Resource Requests and Limits¶
Resource settings are one of the most important workload controls in Kubernetes.
They determine scheduling quality, runtime stability, and autoscaling behavior.
Core model¶
requests: minimum resources reserved for schedulinglimits: maximum runtime resources a container may use
If requests are too low, pods get packed too tightly and become unstable under load. If they are too high, cluster capacity is wasted.
CPU and memory behavior¶
CPU and memory limits fail differently:
- CPU over limit: throttling, usually latency increase
- Memory over limit: OOM kill, container restart
That is why memory sizing errors are typically more disruptive.
Example¶
apiVersion: apps/v1
kind: Deployment
metadata:
name: api
spec:
replicas: 3
selector:
matchLabels:
app: api
template:
metadata:
labels:
app: api
spec:
containers:
- name: api
image: ghcr.io/example/api:v5.2.1
resources:
requests:
cpu: 250m
memory: 512Mi
limits:
cpu: 1000m
memory: 1Gi
QoS classes¶
Pod QoS class is derived from resource configuration.
- Guaranteed: requests equal limits for all containers
- Burstable: at least one request set, but not all equal to limits
- BestEffort: no requests or limits
In node pressure events, BestEffort is usually evicted first.
Sizing guidance¶
- Start from observed p50 and p95 usage, not guesses
- Keep requests close to realistic baseline load
- Set memory limits with enough headroom for peak behavior
- Avoid setting very low CPU limits on latency-sensitive services
Relationship to autoscaling¶
HPA resource targets depend on requests. Bad request values produce bad scaling decisions.

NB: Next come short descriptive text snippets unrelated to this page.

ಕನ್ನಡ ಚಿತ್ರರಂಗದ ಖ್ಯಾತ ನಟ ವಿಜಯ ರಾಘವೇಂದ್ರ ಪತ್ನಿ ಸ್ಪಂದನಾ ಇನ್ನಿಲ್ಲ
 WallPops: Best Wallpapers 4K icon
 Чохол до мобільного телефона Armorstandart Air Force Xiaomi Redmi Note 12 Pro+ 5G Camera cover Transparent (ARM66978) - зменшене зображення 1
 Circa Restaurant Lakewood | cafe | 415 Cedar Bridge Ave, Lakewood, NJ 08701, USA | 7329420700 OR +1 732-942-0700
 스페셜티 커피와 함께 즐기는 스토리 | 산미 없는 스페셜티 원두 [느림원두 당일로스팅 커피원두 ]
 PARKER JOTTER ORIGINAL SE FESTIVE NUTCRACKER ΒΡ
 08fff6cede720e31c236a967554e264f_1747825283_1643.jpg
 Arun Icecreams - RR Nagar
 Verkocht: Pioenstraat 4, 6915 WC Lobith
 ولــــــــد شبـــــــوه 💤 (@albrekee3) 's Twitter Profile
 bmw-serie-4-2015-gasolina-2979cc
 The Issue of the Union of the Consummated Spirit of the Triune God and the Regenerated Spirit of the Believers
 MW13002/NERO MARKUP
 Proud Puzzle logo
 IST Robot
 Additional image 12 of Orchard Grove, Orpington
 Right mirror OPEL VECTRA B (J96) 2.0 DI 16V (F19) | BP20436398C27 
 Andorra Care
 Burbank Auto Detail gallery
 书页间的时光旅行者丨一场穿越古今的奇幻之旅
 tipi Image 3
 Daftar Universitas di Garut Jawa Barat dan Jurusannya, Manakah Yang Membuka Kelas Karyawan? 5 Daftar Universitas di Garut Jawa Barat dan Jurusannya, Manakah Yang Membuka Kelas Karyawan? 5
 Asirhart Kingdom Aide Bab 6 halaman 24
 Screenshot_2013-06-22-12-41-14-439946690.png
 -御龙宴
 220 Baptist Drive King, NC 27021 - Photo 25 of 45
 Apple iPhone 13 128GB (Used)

Always tune requests before tuning autoscaler thresholds.
Operational checks¶
kubectl top pods -A
kubectl describe pod <pod-name>
kubectl get pod <pod-name> -o jsonpath='{.status.containerStatuses[*].lastState}'
Look for OOMKilled events and sustained CPU throttling signals in metrics.
Summary¶
Requests drive placement. Limits enforce runtime caps. Correct values improve stability, cost efficiency, and autoscaling quality.